** Opening Listed records block **
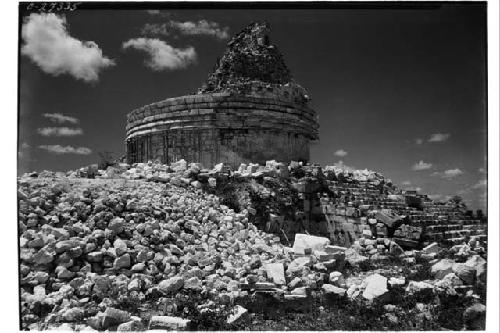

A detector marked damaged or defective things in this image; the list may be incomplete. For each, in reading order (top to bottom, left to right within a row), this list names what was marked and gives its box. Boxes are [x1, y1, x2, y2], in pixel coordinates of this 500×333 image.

broken architectural fragment [127, 22, 318, 167]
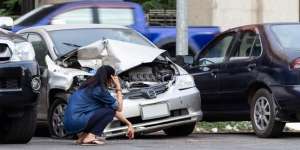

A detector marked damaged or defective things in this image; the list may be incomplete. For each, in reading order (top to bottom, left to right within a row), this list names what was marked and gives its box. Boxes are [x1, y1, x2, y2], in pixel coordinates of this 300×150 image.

damaged silver car [18, 24, 202, 138]
dented car panel [18, 24, 202, 138]
crushed front bumper [103, 86, 202, 137]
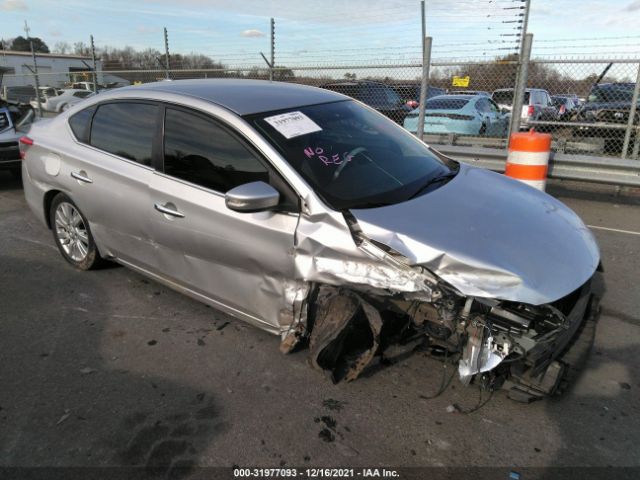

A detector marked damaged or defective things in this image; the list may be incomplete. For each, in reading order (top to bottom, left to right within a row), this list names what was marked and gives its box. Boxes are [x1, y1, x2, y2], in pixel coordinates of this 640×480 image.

severe front-end damage [284, 165, 600, 402]
crumpled hood [350, 161, 600, 304]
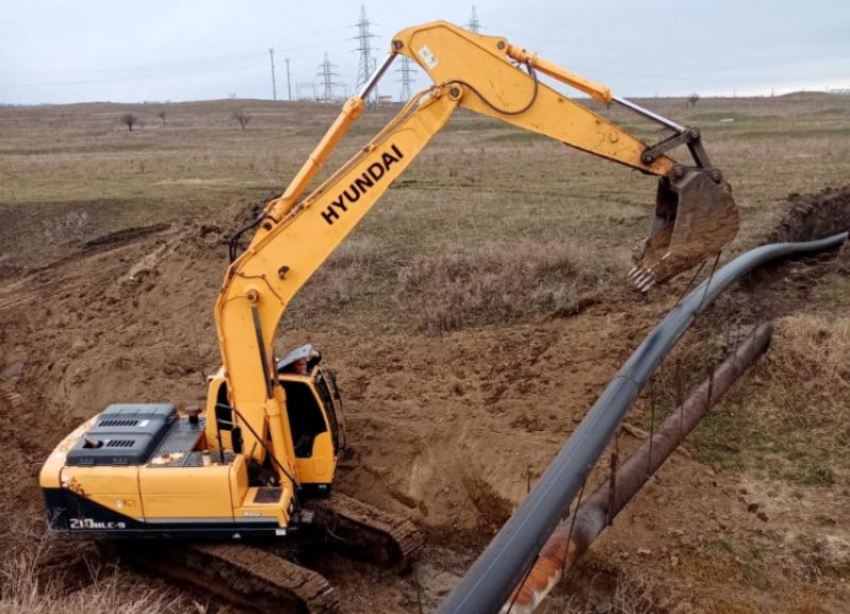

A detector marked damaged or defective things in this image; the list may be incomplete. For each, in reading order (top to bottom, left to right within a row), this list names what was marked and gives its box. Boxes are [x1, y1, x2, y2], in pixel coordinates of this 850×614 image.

rust stain on pipe [500, 322, 772, 614]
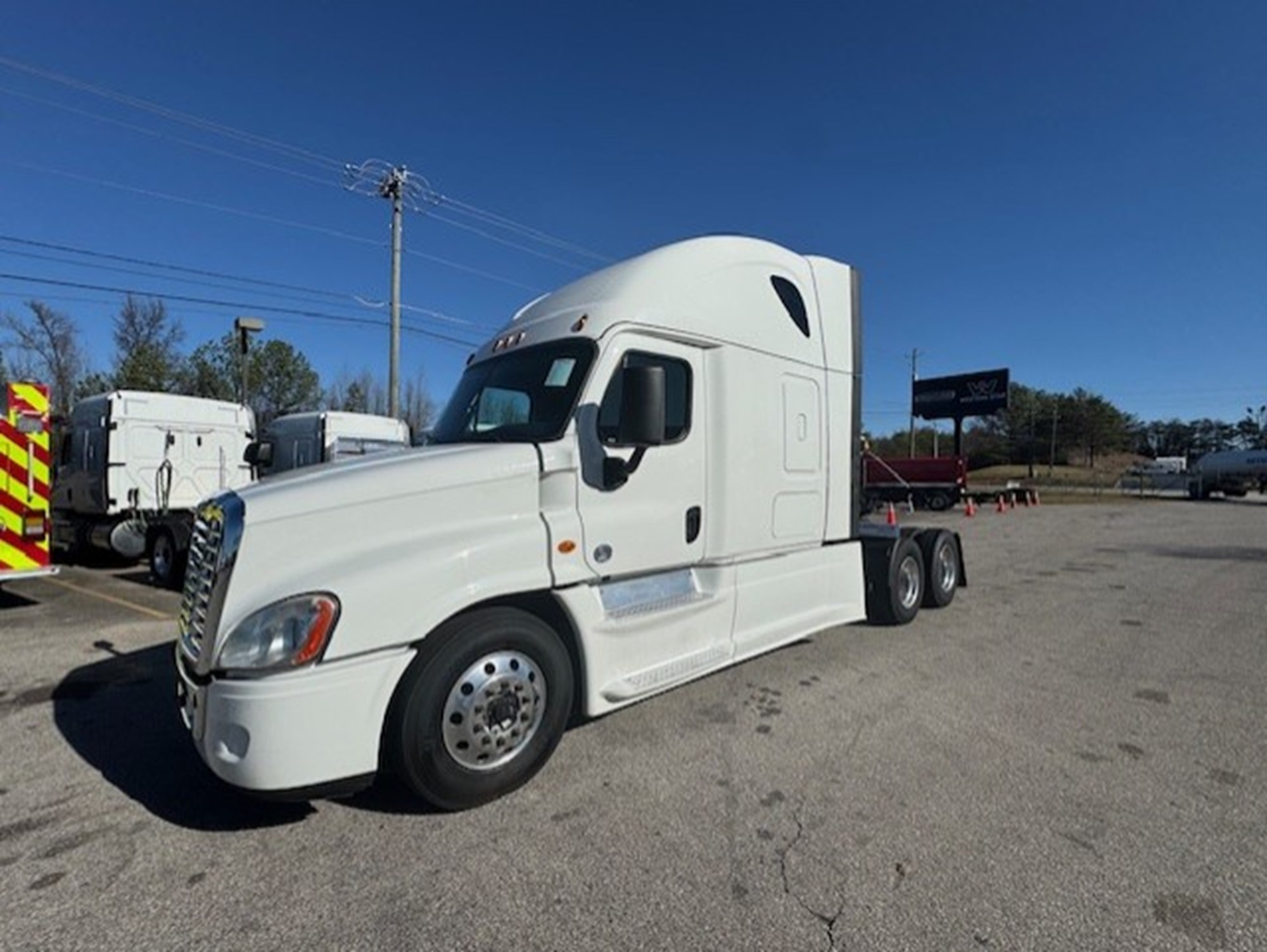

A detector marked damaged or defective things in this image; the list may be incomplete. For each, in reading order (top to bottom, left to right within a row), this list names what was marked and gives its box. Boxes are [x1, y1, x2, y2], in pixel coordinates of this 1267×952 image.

crack in asphalt [775, 800, 846, 947]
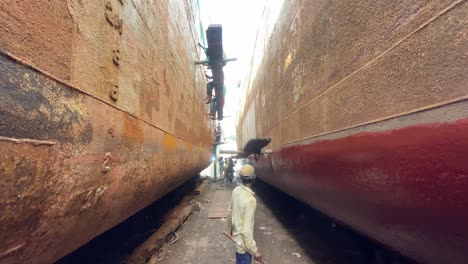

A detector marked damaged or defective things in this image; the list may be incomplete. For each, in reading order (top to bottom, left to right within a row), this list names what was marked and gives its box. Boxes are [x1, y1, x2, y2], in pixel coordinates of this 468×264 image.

rusty ship hull [0, 1, 212, 262]
corroded metal surface [0, 1, 212, 262]
rusty ship hull [238, 1, 468, 262]
corroded metal surface [239, 1, 468, 262]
** Closing Listed records block **
* [Description of the task]: The line containing "this 468×264 image." begins the span, and the last line of the records above ends it. Return that span exactly, and nothing outside it.

* [Output for this exercise]:
A detector marked damaged or defective things in this image; the list may be incomplete. For each, in reading order (top to bottom, left to right within a row), this list names what was marked and gives its box. Boxes are [x1, y1, x2, y2], in pixel coordinates of this 468×264 image.

rusty ship hull [0, 1, 212, 262]
corroded metal surface [0, 1, 212, 262]
rusty ship hull [238, 1, 468, 262]
corroded metal surface [239, 1, 468, 262]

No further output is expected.